I'm assuming that is with the fake H264 plugin. Dan do you have any idea if this is related to the problems you encountered during the webrtc.org update?
Flags: needinfo?(dminor)
Blocks: 1448863
Flags: needinfo?(dminor)
This has not reproduced for me locally (I ran the affected test 1000 times) and retriggers on try seem green so far. It looks like this is an intermittent failure. It's possible this patch is causing it to occur more often, but given the severity of the problem it is fixing, I'm inclined to land the patch as is. I'll give it another hour or so to see if any more failures turn up.
Rather than leaving this bug open to find a clean way of fixing this, I've filed Bug 1492852 as a follow up.
Keywords: leave-open
See Also: → 1492852
I've updated the patch to include mercurial author information and a commit description and to refer to Bug 1492852 as a follow up rather than leaving this bug open. Carrying forward r+ from bwc.
Attachment #9010081 - Attachment is obsolete: true
Attachment #9010644 - Flags: review+
Pushed by dminor@mozilla.com:
https://hg.mozilla.org/integration/mozilla-inbound/rev/4bc0d86a17a8
Bug 1448863 causes video streams to take a very long time to recover from packet loss; r=bwc
https://hg.mozilla.org/mozilla-central/rev/4bc0d86a17a8
Status: NEW → RESOLVED
Closed: Last year
Resolution: --- → FIXED
Target Milestone: --- → mozilla64
Given the severity, it would be good to see an uplift to 63. If another 62 point release ships, it would be good to see there as well if possible.
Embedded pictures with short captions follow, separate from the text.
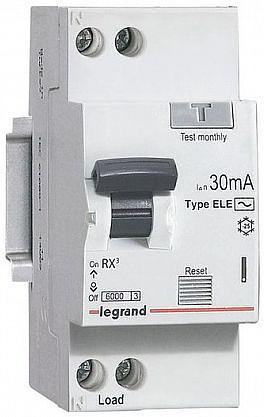 Выключатель автом. дифф. тока Legrand RX3 419403 40A 6kA 30мА AC 1П+Н 230В 2мод фото 1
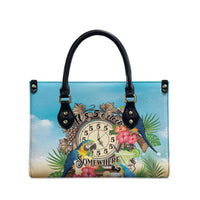 It's 5 o'clock Somewhere Leather Bag Hawaiian Tropical Parrots - Wonder Print Shop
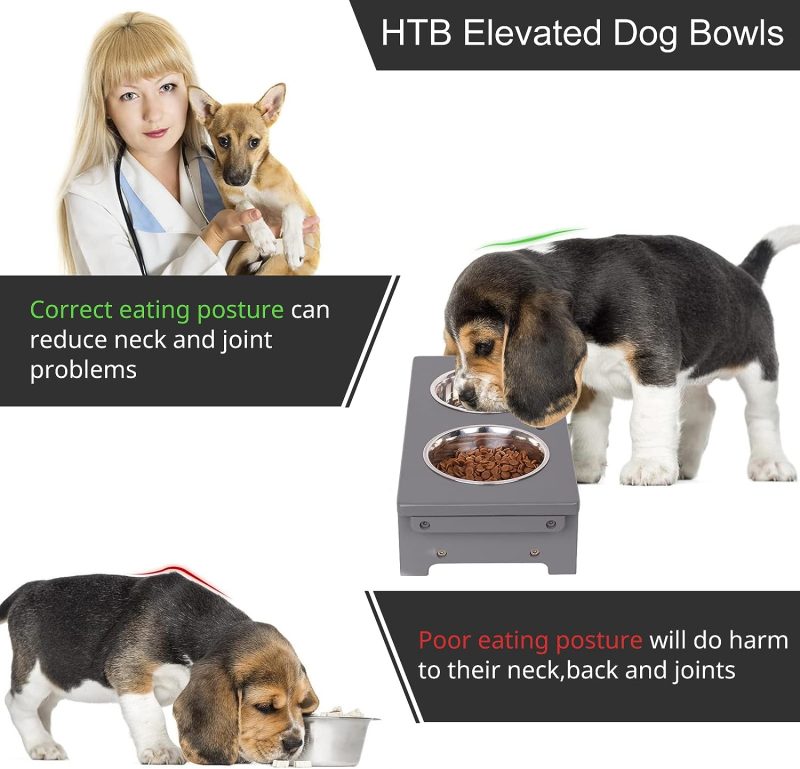 HTB Elevated Dog Bowls,Raised Dog Bowl Stand with 2 Stainless Steel Bowls,Elevated Raised Dog Bowls for Large Medium Small Sized - Image 75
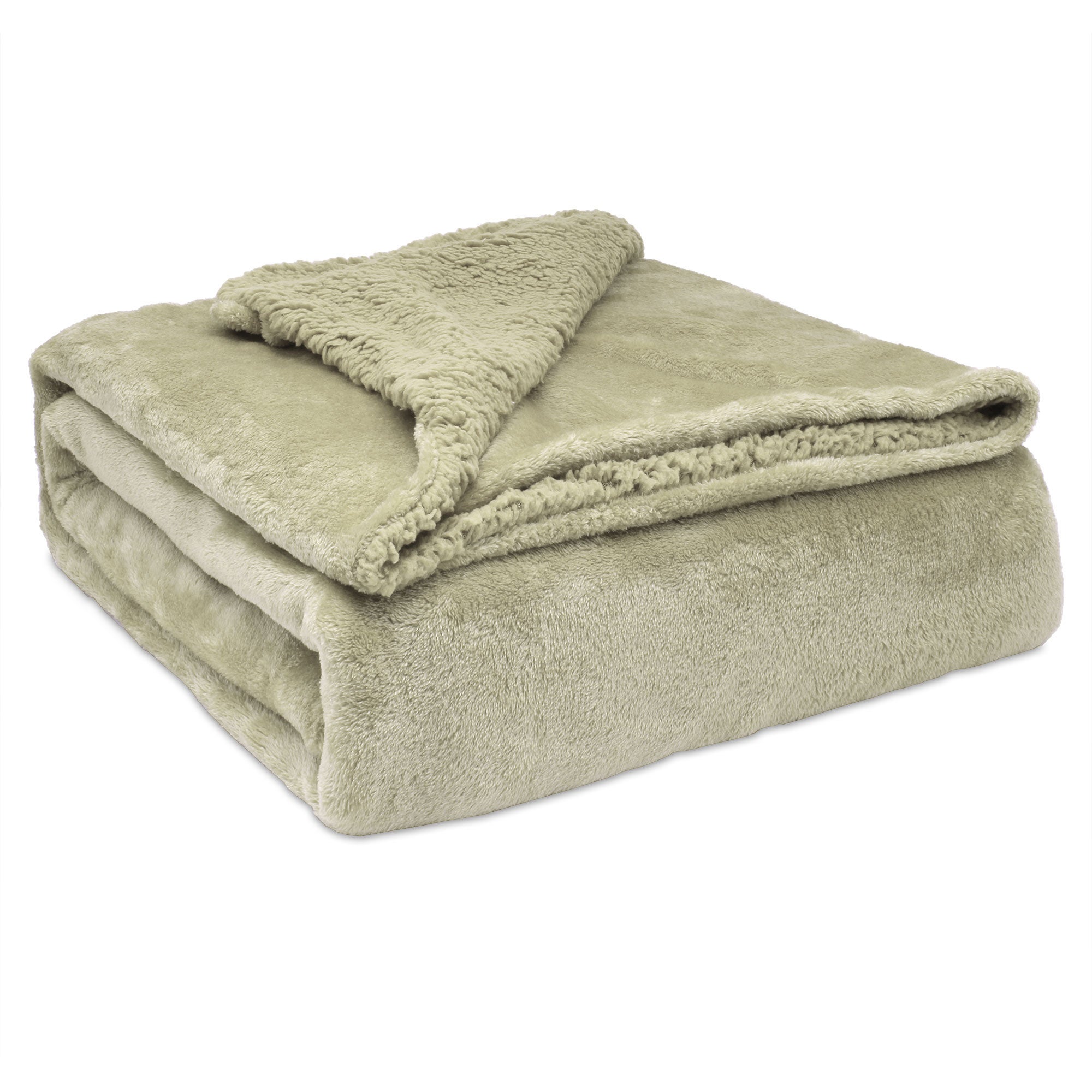 Manta sofá invierno grande sedalina lisa y borreguito polar sherpa 180x240cm calentita gruesa, briebe, taupe, , -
Thanks!
Comment on attachment 9010644 [details] [diff] [review]
bug-1489757-fix.patch

Approval Request Comment
[Feature/Bug causing the regression]: 1448863
[User impact if declined]: Video in WebRTC calls with Safari and others using H264 freeze pretty often.
[Is this code covered by automated tests?]: No
[Has the fix been verified in Nightly?]: Not yet.
[Needs manual test from QE? If yes, steps to reproduce]:
1. Open https://appr.tc with Safari 12 and join a new meeting room
2. Join the same URL with Firefox and wait a >= 5 seconds
3. Video from the Safari should not freeze
[List of other uplifts needed for the feature/fix]: N/A
[Is the change risky?]: Not really.
[Why is the change risky/not risky?]: It only tries to ensure that decoding errors are propagated back to the sender in case of H264.
[String changes made/needed]: N/A
Attachment #9010644 - Flags: approval-mozilla-beta?
Depends on: 1493183
FYI - Good news, perfherder is showing improvements from this fix:

== Change summary for alert #16055 (as of Thu, 20 Sep 2018 20:08:49 GMT) ==

Improvements:

 22%  tp5o_webext responsiveness windows7-32 pgo e10s stylo         0.98 -> 0.77
 20%  tp5o_webext responsiveness windows10-64 pgo e10s stylo        1.04 -> 0.83
 19%  tp5o_webext responsiveness windows7-32 opt e10s stylo         1.03 -> 0.83
 16%  tp5o_webext responsiveness windows10-64 opt e10s stylo        1.11 -> 0.94
 14%  tp5o_webext responsiveness windows10-64-qr opt e10s stylo     1.10 -> 0.95
 13%  tp5o_webext responsiveness linux64-qr opt e10s stylo          1.71 -> 1.49

For up to date results, see: https://treeherder.mozilla.org/perf.html#/alerts?id=16055
I'd like to see this verified on nightly before uplifting. Brindusa could your team verify the fix on Nightly on Monday so as to include this uplift in beta 9? Thanks
Flags: qe-verify+
Flags: needinfo?(brindusa.tot)
(In reply to Pascal Chevrel:pascalc from comment #28)
> I'd like to see this verified on nightly before uplifting. Brindusa could
> your team verify the fix on Nightly on Monday so as to include this uplift
> in beta 9? Thanks

Note: with the latest Nightly which include the patch from bug 1486012 you can't verify this, because the code from bug 1486012 breaks interop with Safari. So you can only test this with a Nightly from which the code in bug 1486012 has been removed.
(In reply to Nils Ohlmeier [:drno] from comment #29)
> (In reply to Pascal Chevrel:pascalc from comment #28)
> > I'd like to see this verified on nightly before uplifting. Brindusa could
> > your team verify the fix on Nightly on Monday so as to include this uplift
> > in beta 9? Thanks
> 
> Note: with the latest Nightly which include the patch from bug 1486012 you
> can't verify this, because the code from bug 1486012 breaks interop with
> Safari. So you can only test this with a Nightly from which the code in bug
> 1486012 has been removed.

Turns out this was only a temporary problem as bug 1486012 introduced a problem, which got fixed by a subsequent patch from another bug which didn't made it into the same Nightly build.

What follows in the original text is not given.